Kamis, 08 Maret 2012

Hukum Keluarga Islam di Negara Mesir, Sebuah Resume

            A.   Pendahuluan  
       Republik Arab Mesir, lebih dikenal sebagai Mesir adalah sebuah negara yang sebagian besar wilayahnya terletak di Afrika bagian timur laut dan sebagian besar wilayah lainnya terletak di Afrika Utara. Mesir berbatasan dengan Libya di sebelah barat, Sudan di selatan, jalur Gaza dan Israel di utara-timur. Perbatasannya dengan perairan ialah melalui Laut Tengah di utara dan Laut Merah di timur.[1] 90% dari penduduk Mesir adalah penganut Islam, mayoritas Sunni dan sekitar 10% penduduk Mesir menganut agama Kristen. Pada awal sejarahnya, penduduk Mesir merupakan penganut mazhab Syafi’I, kemudian ketika masuk dalam kekaisaran Ottoman, Mesir menganut mazhab Hanafi.[2]
            Mesir merupakan negara Arab pertama yang melakukan reformasi dalam hukum keluarga.  Sejarah reformasi hukum di Mesir dimulai sejak tahun 1874, yaitu sejak mesir merdeka dari kekaisaran Ottoman. Adapun yang menjadi focus pertama adalah reformasi di bidang administrasi peradilan pada tahun 1875-1883 dengan dibentuknya Pengadilan Mukhtala (Campuran) dan Pengadilan Ahli (nasional).[3] Tak lama kemudian gerakan reformasi di berbagai bidang social-ekonomi diluncurkan di negara tersebut. Adapun para reformis terkenal adalah Mufti Agung Muhammad Abduh, Syekh Rasyid Ridha, dan Qasim Amin.[4]
            Para reformis menyadari bahwa prinsip-prinsip hukum keluarga yang terdapat pada mazhab tertentu sudah tidak sesuai lagi dengan kebutuhan masyarakat Mesir, untuk itu tahun 1915 dibentuklah sebuah panitia yang dipimpin oleh Rektor Universitas Al-Azhar, Syekh Al-Maraghi untuk mereformasi hukum keluarga di Mesir.[5]
            Tahun 1920, hukum keluarga pertama berlaku di Mesir.[6]  Antara tahun 1920 dan tahun 1952 telah terjadi perubahan penting dalam prinsip-prinsip hukum yang berkaitan dengan hukum keluarga dan hukum suksesi dengan lahirnya, yaitu : UU No. 25 tahun 1920 Tentang Nafkah dan Perceraian; UU No. 56 tahun 1923 Tentang Usia Perkawinan; UU No. 25 tahun 1929  Tentang Perceraian; UU No. 77 tahun 1943 Tentang Waris; UU No. 71 tahun 1946 Tentang Wasiat.[7]

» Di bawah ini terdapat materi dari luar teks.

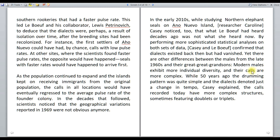The last paragraph highlights the transformation in the nature of seals. Modern males exhibit more individual diversity, which was not the case earlier, and their calls are more complex. While 50 years ago the drumming pattern was quite simple and the dialects denoted just a change in tempo, Casey explained that calls recorded today have more complex structures, sometimes featuring doublets or triplets. This was the kind of transformation that took place.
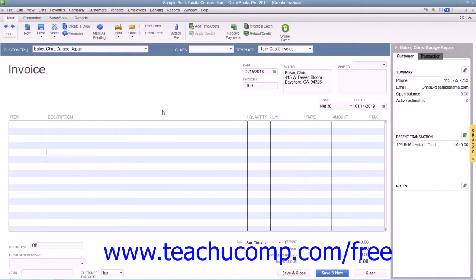You may need to specify additional information when manually entering customer data, such as selecting the desired sales terms from the Terms drop-down, for example. Once you've entered the customer information, select the invoice date from the Date drop-down.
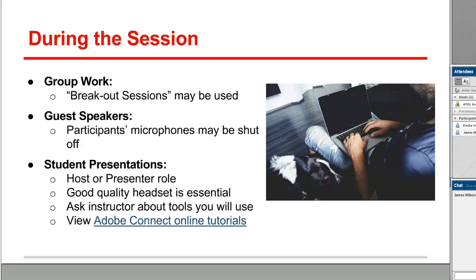Your instructor may also ask students to present materials using Adobe Connect. They may give you a host or presenter role which gives you more control over the applications in the Adobe Connect room. For any situation such as this, you will want to purchase a good quality headset. You'll need to ask your instructor about the tools that you'll need to use during your presentation, and you should access the Adobe Connect online tutorials. This link is in the Resources tab in Blackboard.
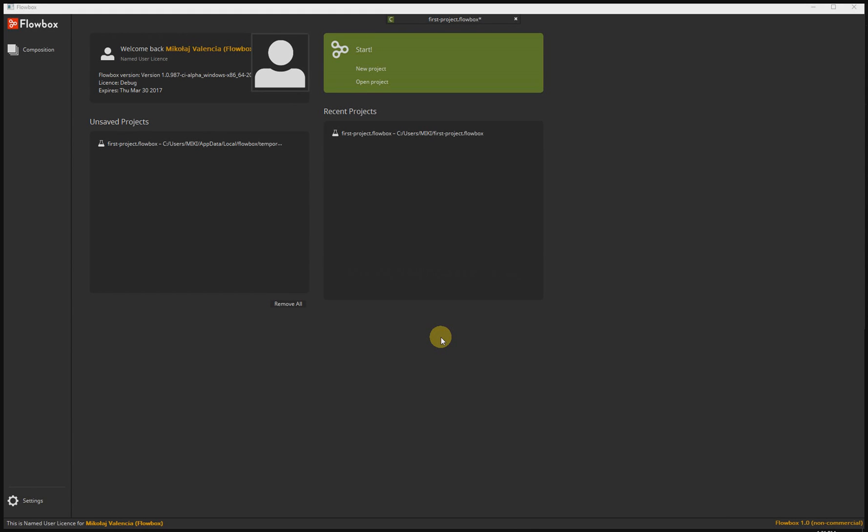Hello, this is Mikoy Valencia from Flowbox. Welcome to User Guide video tutorial. Let's jump into our project.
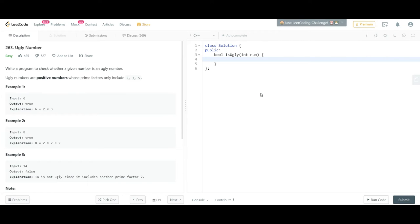Welcome back guys. Today I'll be discussing the ugly number problem from LeetCode. The problem statement is: we are given a number and we need to check if this number is an ugly number or not. If this is an ugly number, we'll be returning true, else we'll return false.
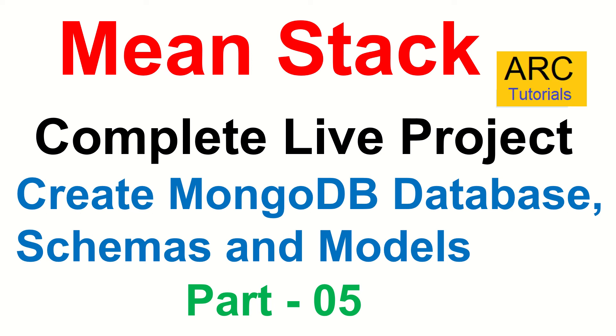Hi friends, welcome back to ARC Tutorials. This is MEAN Stack Complete Live Project Development from Scratch.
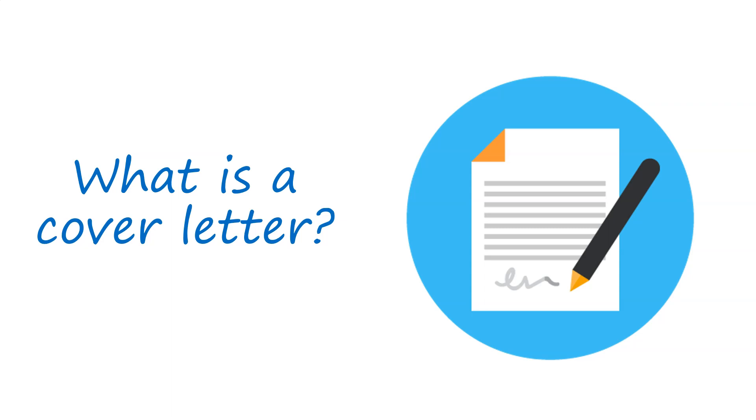In part one of this short series, I'm going to go through the basics of a cover letter, break down the simple elements, and then further into part two and three, you can see what a cover letter really looks like.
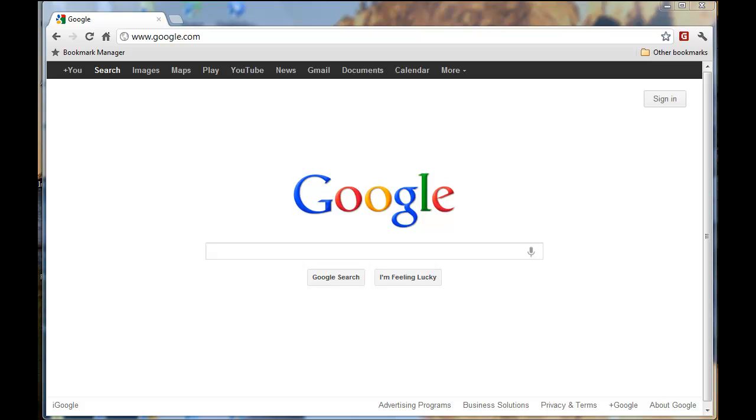Please open up your browser. You can use Internet Explorer, Mozilla Firefox, Safari, or like I'm using here, Google Chrome.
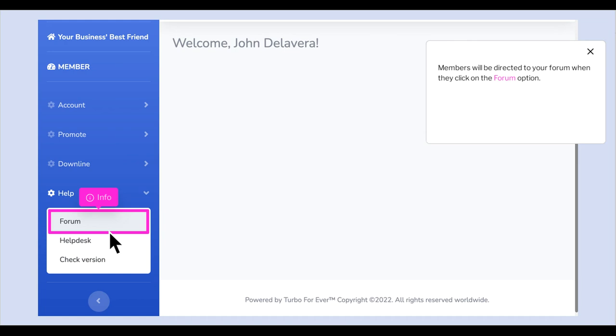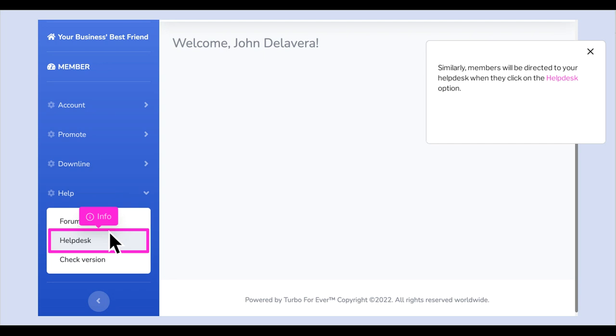Members will be directed to your forum when they click on the Forum option. Similarly, members will be directed to your helpdesk when they click on the Help Desk option. Thank you.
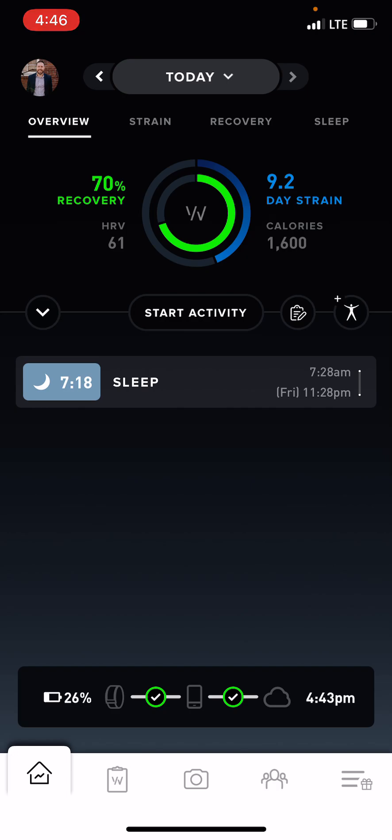Hey, what's happening you guys? This is Coach Joel with Icon Fitness and I'm going to take you through the new version or platform of WHOOP. If you are new to this platform, there is a lot of information to be able to go through, and I'm going to take you through it.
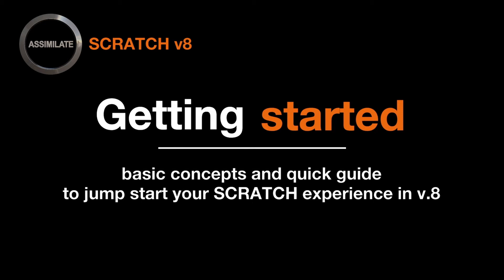Hi, welcome to the Scratch 101 tutorial that will cover the basic concepts of Scratch and Scratch Lab.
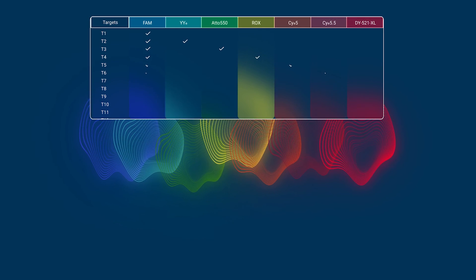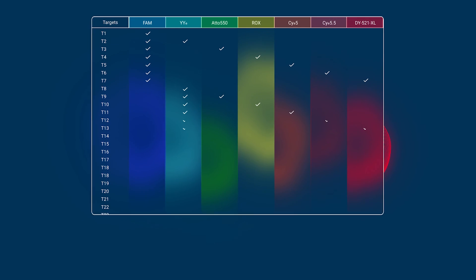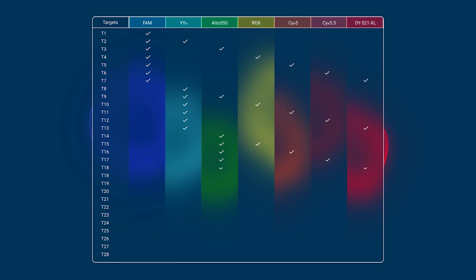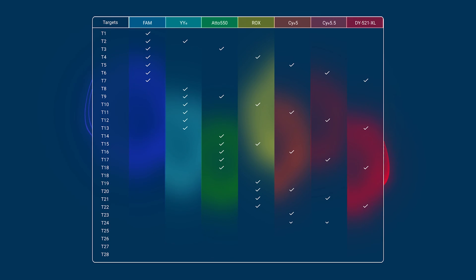And it doesn't stop there. Using higher order multiplexing, you can combine colors to detect well over 20 targets in a single chamber.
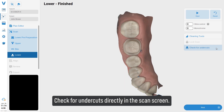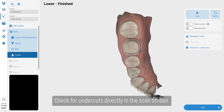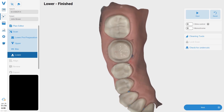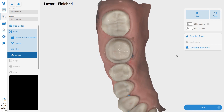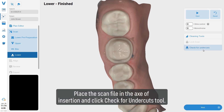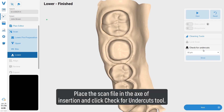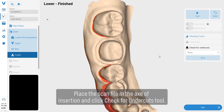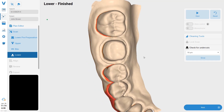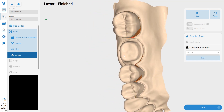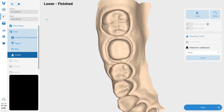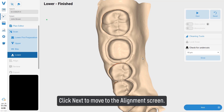Check for undercuts directly in the scan screen. Place the scan file in the axis of insertion and click the check for undercuts tool. Click next to move to the alignment screen.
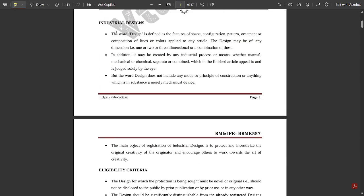Module five: industrial designs. The word design is defined as the features of shape, configuration, pattern, ornament, or composition of lines or colors applied to any article. The design may be of any dimension — that is one, two, or three dimensional, or a combination of these. It may be created by any industrial process or means, whether manual, mechanical, or chemical, separate or combined, which in the finished article appeals to and is judged solely by the eye. The word design does not include any mode or principle of construction or anything which is in substance a merely mechanical device.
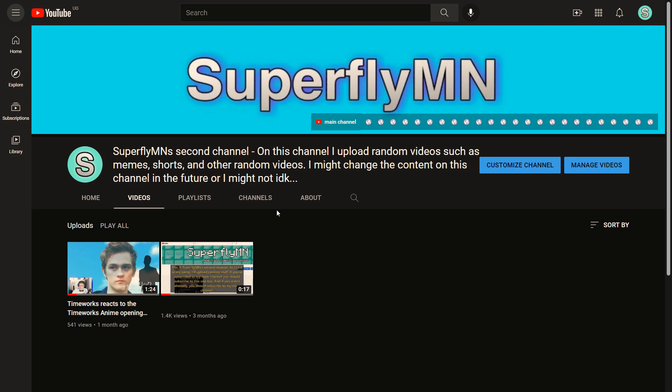Hello everyone, this is Superflyman. So as you guys probably already know, YouTube recently removed the discussion tab and a lot of comments that were on channels' discussion tabs were gone.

Isi pokok UU No. 25 Tahun 1920 dan UU No. 25 Tahun 1929 terfokus pada bidang perceraian. Kedua UU ini kemudian diperbaharui tahun 1979, dengan lahirnya UU yang dikenal Hukum Jihan Sadat No. 44 Tahun 1979. Undang-undang ini kemudian diperbaharui lagi dalam bentuk Personal Status (Amandment) Law No. 100 Tahun 1985.[8]
B.     Ketentuan-ketentuan yang berhubungan dengan hukum perkawinan 
     1.   Usia Perkawinan
UU No. 56 tahun 1923 mengatur tentang batas usia minimal perkawinan seseorang, yaitu 18 tahun bagi laki-laki dan 16 tahun bagi perempuan. Perkawinan yang melanggar batas usia minimal ini tidak akan dicatat (tidak terdaftar) dan pengadilan tidak mengakui dalam hal memberian bantuan dalam hal apapun.[9] 
2. Mahar
Jika terjadi sengketa antara pasangan suami istri mengenai jumlah mahar, istri harus dapat membuktikan gugatannya tersebut. Apabila istri tidak dapat membuktikan, maka sumpah suami yang dijadikan dasar putusan, kecuali jika suami menyatakan jumlah yang tidak wajar senilai jumlah mahar mitsli status istrinya tersebut.[10] 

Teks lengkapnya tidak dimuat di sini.